> [WHAT IS REQUIRED]: Below are the records; copy exactly the stretch from the line containing "Mango Bordo Dantel Detaylı Elbise - Görsel 3" through the line containing "ASUS ROG Strix", both ends included, and nothing else.

> [SUPPLIED INFORMATION]:
····················

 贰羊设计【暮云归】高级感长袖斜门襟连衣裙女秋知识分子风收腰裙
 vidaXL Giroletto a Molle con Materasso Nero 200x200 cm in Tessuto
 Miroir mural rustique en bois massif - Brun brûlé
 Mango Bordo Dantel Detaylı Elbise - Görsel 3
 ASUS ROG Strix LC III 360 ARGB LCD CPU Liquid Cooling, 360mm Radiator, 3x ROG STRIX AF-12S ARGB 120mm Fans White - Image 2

····················

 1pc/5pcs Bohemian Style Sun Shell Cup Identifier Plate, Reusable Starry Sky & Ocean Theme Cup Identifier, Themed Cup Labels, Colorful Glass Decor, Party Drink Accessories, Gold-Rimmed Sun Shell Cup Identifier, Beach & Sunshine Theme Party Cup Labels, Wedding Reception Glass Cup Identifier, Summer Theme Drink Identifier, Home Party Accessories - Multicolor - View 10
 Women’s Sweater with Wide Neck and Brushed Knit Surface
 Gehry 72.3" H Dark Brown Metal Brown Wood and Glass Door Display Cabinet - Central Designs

····················

> [EXERCISE SOLUTION]:
 Mango Bordo Dantel Detaylı Elbise - Görsel 3
 ASUS ROG Strix LC III 360 ARGB LCD CPU Liquid Cooling, 360mm Radiator, 3x ROG STRIX AF-12S ARGB 120mm Fans White - Image 2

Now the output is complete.